Shortly before Claud died, amid one of the periodic uproars about upper class British spies, our friend Ben Sonnenberg asked him to write a piece for Ben's literary quarterly Grand Street. Claud turned in a masterly essay, full of astute observations about Guy Burgess and spy mania, but also with a wonderfully tragic-comic memoir about the strange death of Basil Murray in Valencia. On this, the hundredth anniversary of his arrival in this world, we offer hisessay, "Spies and Two Deaths in Spain" as a bow to one of the greatest of the twentieth century's journalistic agitators.

 

Spies and Two Deaths in Spain

By CLAUD COCKBURN

Before he was revealed as a central figure-perhaps the mastermind-of the Burgess-Maclean-Philby spy scandal, the rapscallion Guy Burgess used sometimes to join me at a table in one of the bars of the House of Commons and, in the course of conversation, proclaim that he was an agent of the Soviet Government. This would come out in a drink-slurred roar, clearly audible to, for example, Ernest Bevin, Foreign Secretary, towering massively at the bar, as well as to any other politician or newspaperman in the place.

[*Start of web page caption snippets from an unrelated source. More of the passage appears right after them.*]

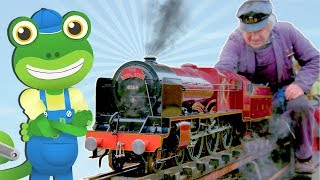 Mini TRAINS For Kids  Geckos Real Vehicles  Trains For Children  Learning amp Educational Videos [upl. by Alleynad]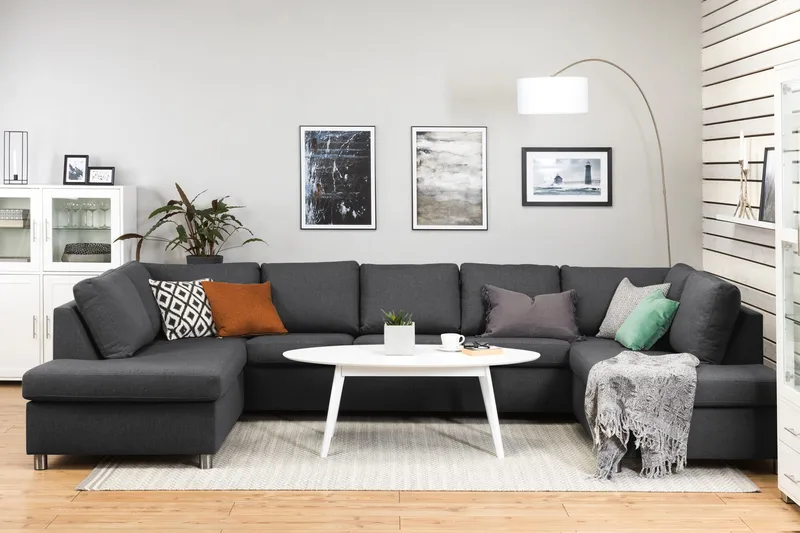 Crazy 5-seters U-formet Sofa med Dobbel Sjeselong i Stoff - Mørkegrå - Møbler - Sofaer - U-sofa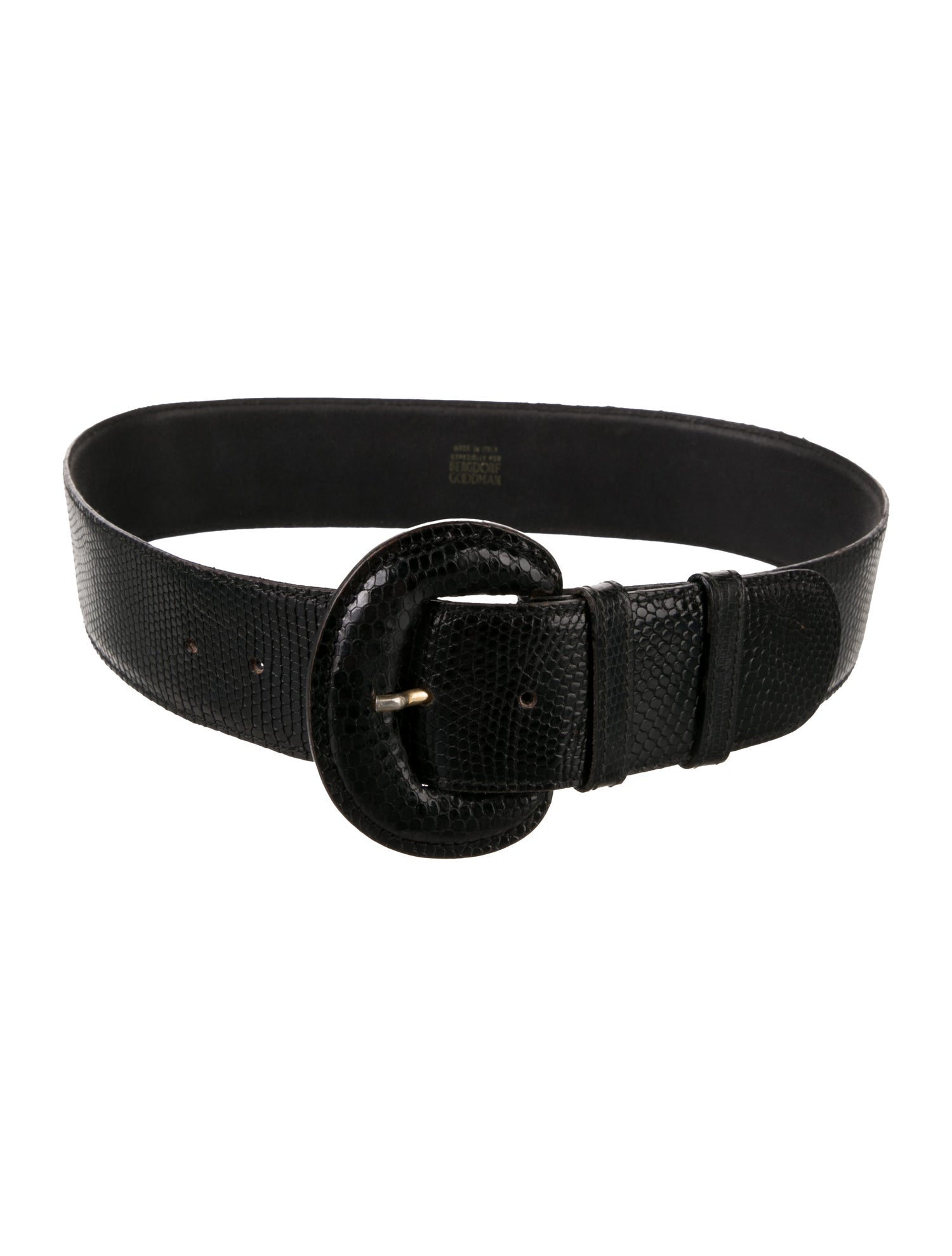 Bergdorf Goodman Wide Embossed Leather Belt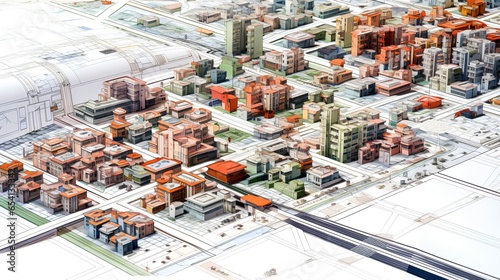 A detailed, technical blueprint showcasing urban planning and city zoning. A layout of a city, including residential, commercial, industrial zones and transportation routes and green spaces. © TensorSpark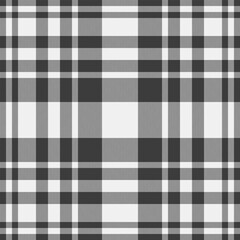 Rich plaid fabric background, uk texture pattern seamless. Diagonal check tartan textile vector in grey and white colors.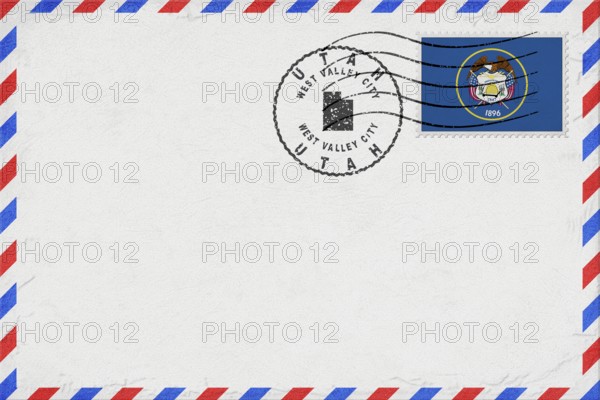 Utah West Valley City Vintage Air Mail Envelope with Flag and Postmark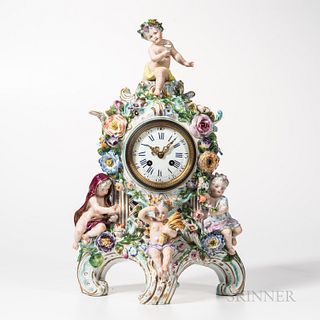 Meissen Porcelain Figural Clock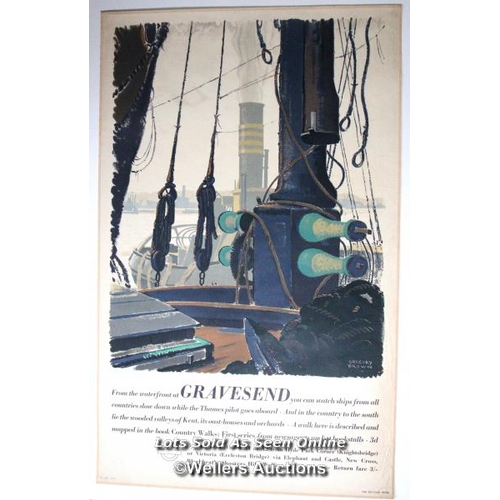 177 - Vintage London Transport poster 'Gravesend' by Gregory Brown c1937, double royal, 40 x 25 inches, ex... 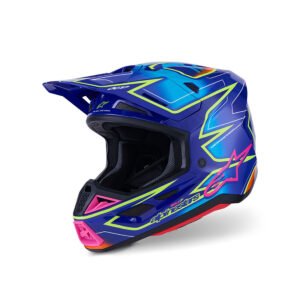 casco moto motocross enduro alpinestars sm7 cast blu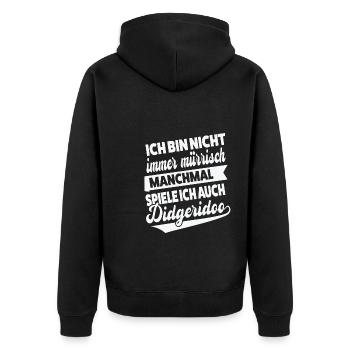 Didgeridoo Musiker Didgeridoospieler Geschenk - Unisex Premium Bio Zip Hoodie - Schwarz - Hinten - Nico (187cm)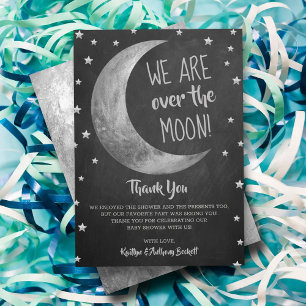 Carte De Remerciements Au-Dessus De La Lune   BABY SHOWER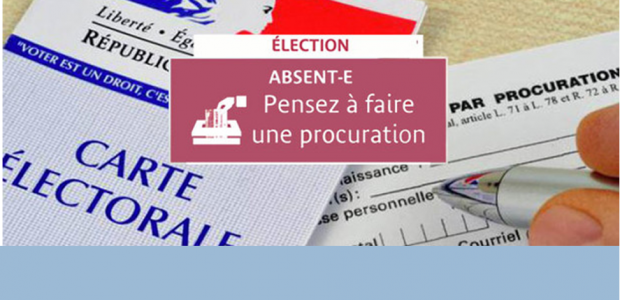 Un électeur peut donner procuration s’il ne peut se rendre au bureau de vote le jour de l’élection =>  https://www.service-public.fr/particuliers/vosdroits/F1604#0_0
Partagez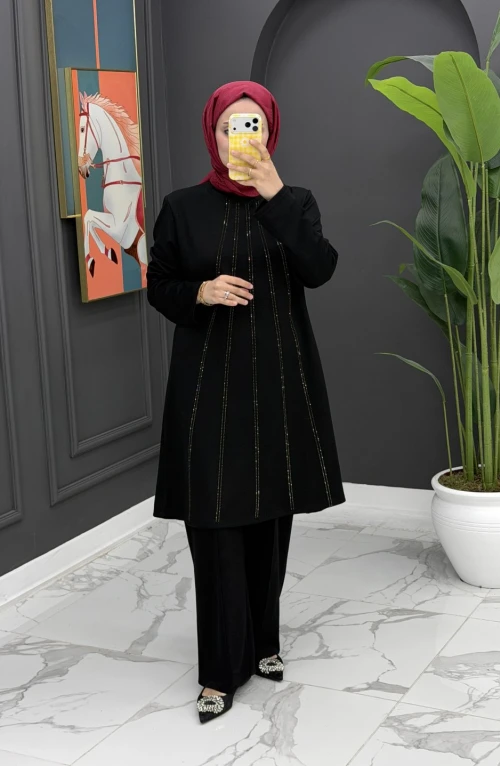 Ela Yazlık Takım - Siyah Ela Yazlık Takım - Siyah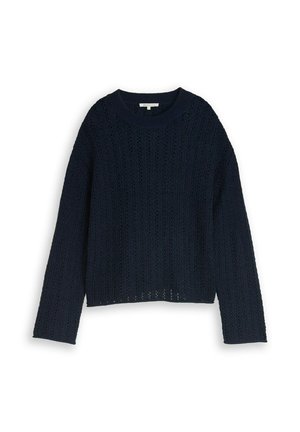 Granatowy, ciemny, dziany sweter z długimi rękawami i okrągłym dekoltem, z ozdobnym wzorem ażurowym.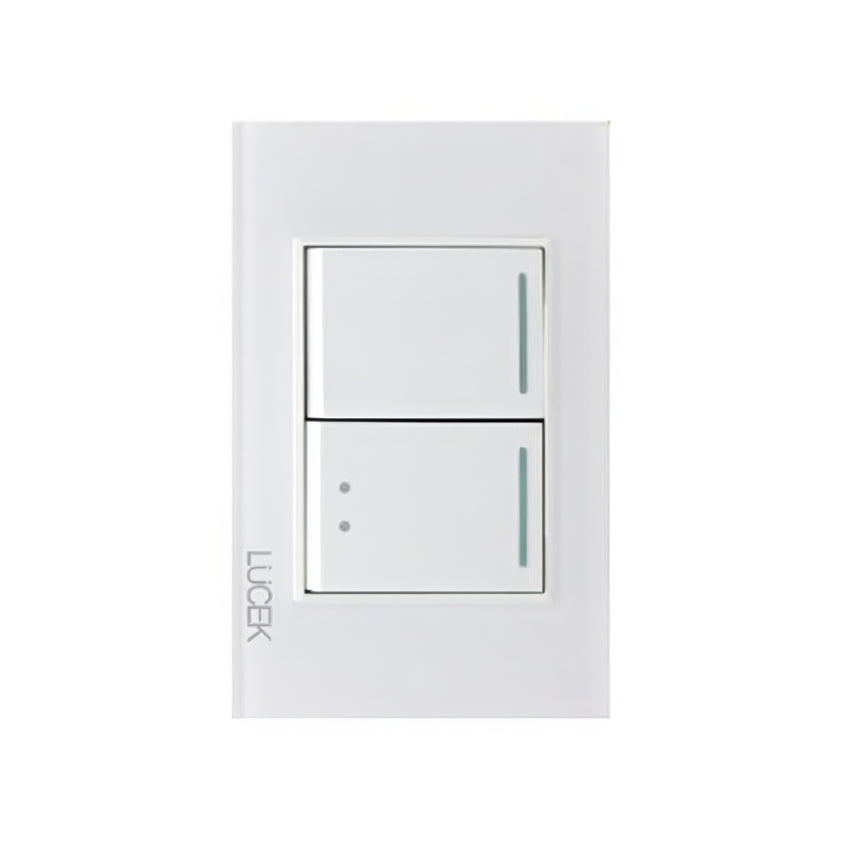 Placa cristal blanca con 1 interruptor sencillo 1 escalera BP02/3CBB -LUCEK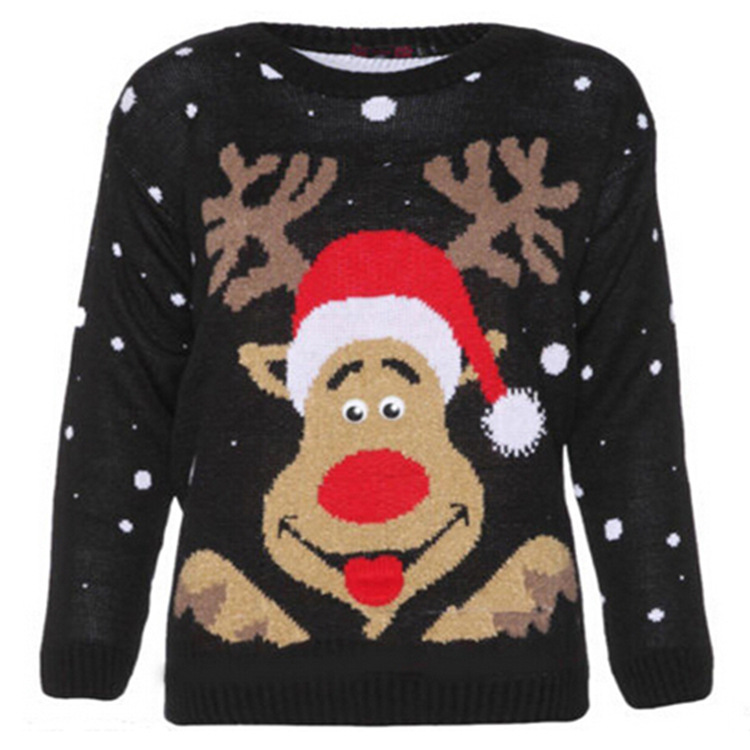 Custom-made Christmas sweaters from Europe and America, Amazon autumn and winter new loose and casual plus-size knitted sweaters with deer patterns pic 2
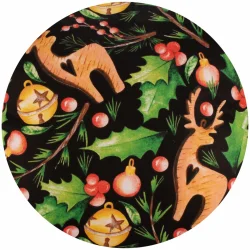 Świąteczny jasiek dekoracyjny na sofę, pojedynczy. Czarne tło z motywem reniferów i liści ostrokrzewu.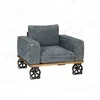 Industrial Denim Sofa, Antique Fabric sofa with wheels, Denim Single Seater Sofa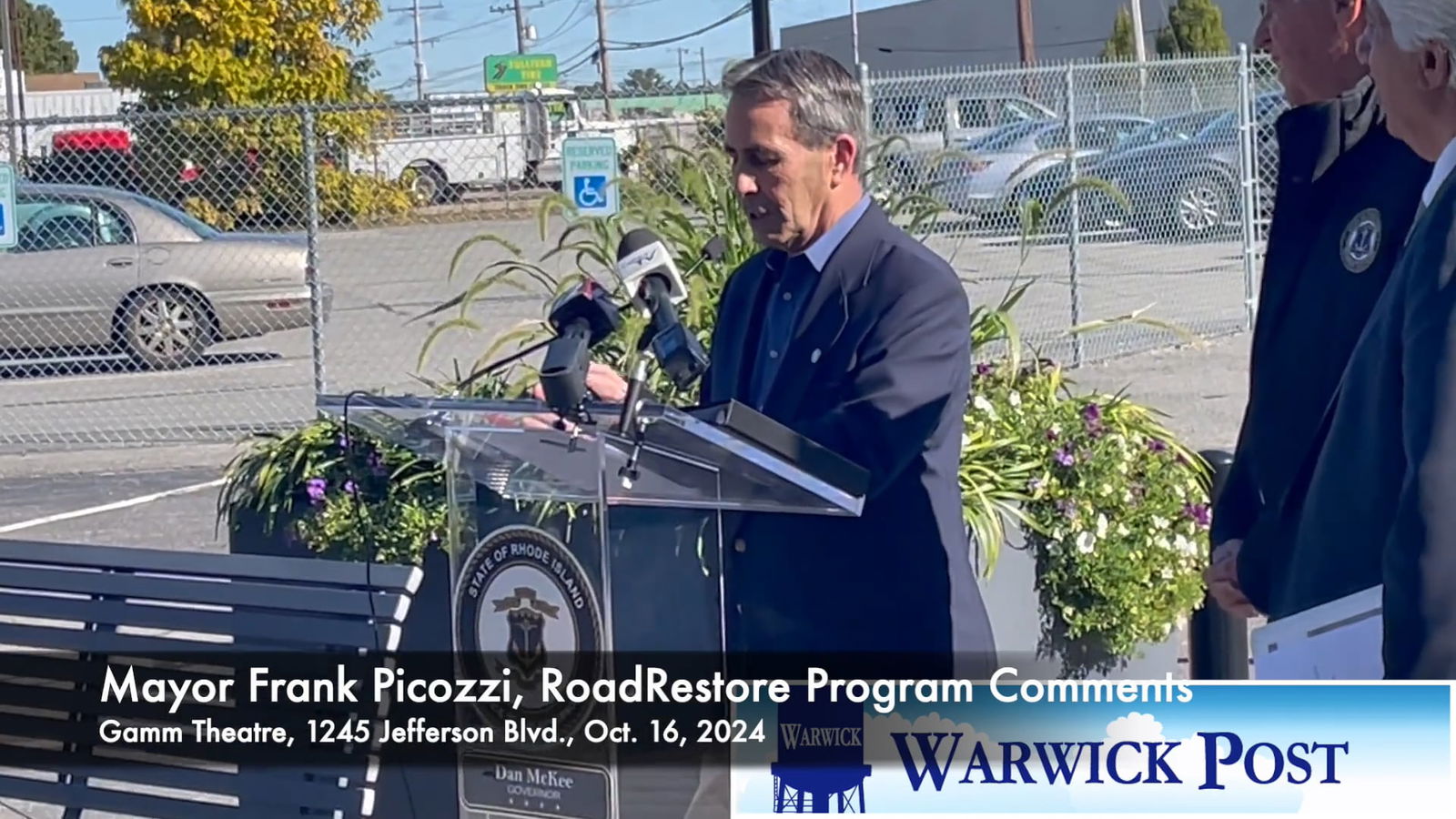 [CREDIT: Rob Borkowski] Mayor Frank Picozzi offers comments on Warwick road repair aided by Gov. Dan McKee's RoadRestore program.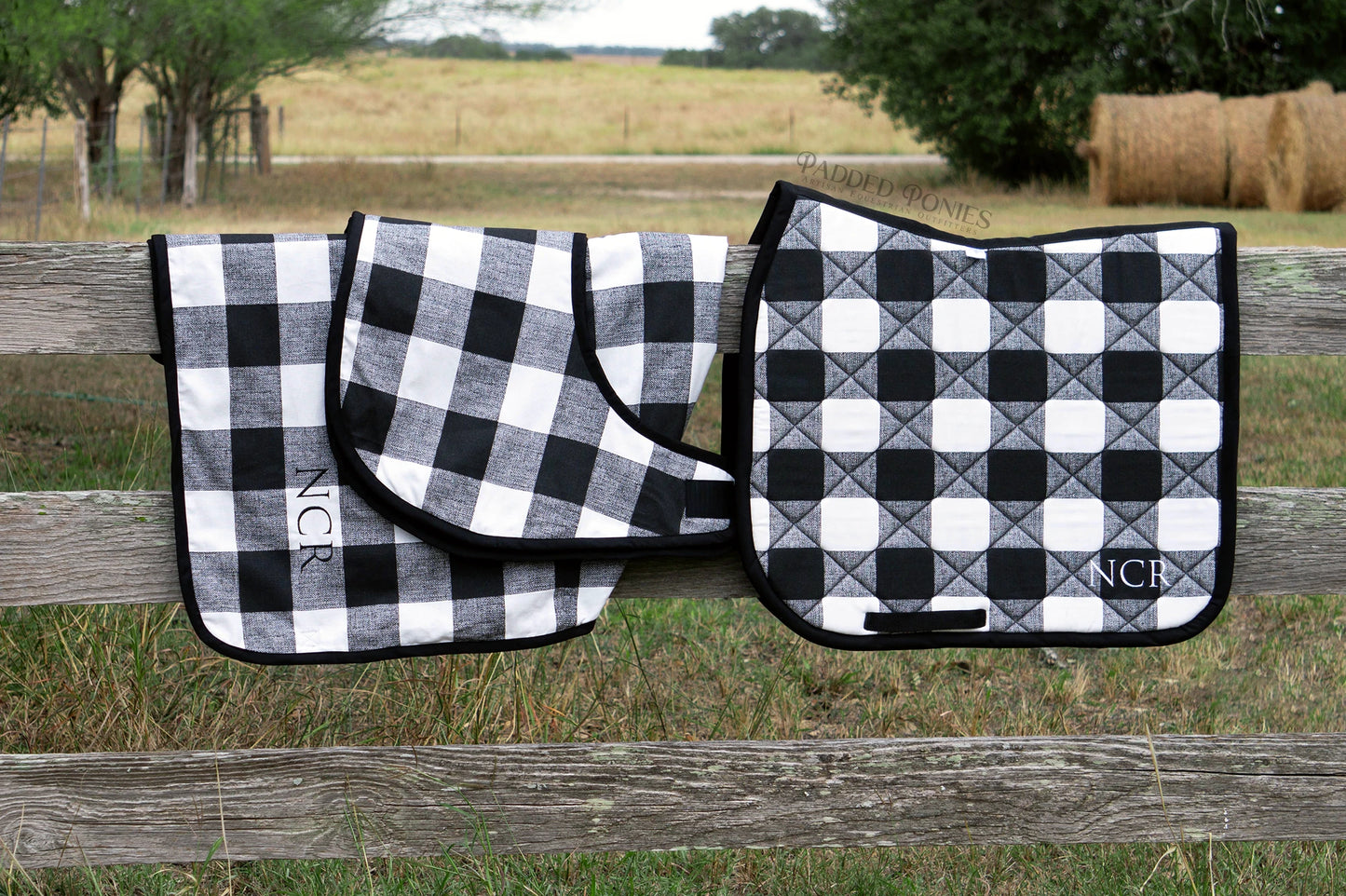 Black and White Buffalo Plaid Quarter Sheet with Monogram and Matching Dressage Saddle Pad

He would usually, somewhere in the talk, make another emphatic assertion. This was to the effect that he was the illegitimate son of the then Lady Rothschild. It was, he implied, a fact which accounted for his expert knowledge of international finance.

The claim about his illegitimacy was entirely false and quite a number of people who ought to have known better believed it. And his claim to be an agent of the KGB was true and no one believed it. It was a crude and entirely successful example of the double bluff. If anyone -and I suppose there were some such in British counterintelligence- were to report a suspicion about Burgess's role, his superior was likely to reply with weary contempt, "I know, I know, he keeps saying so himself."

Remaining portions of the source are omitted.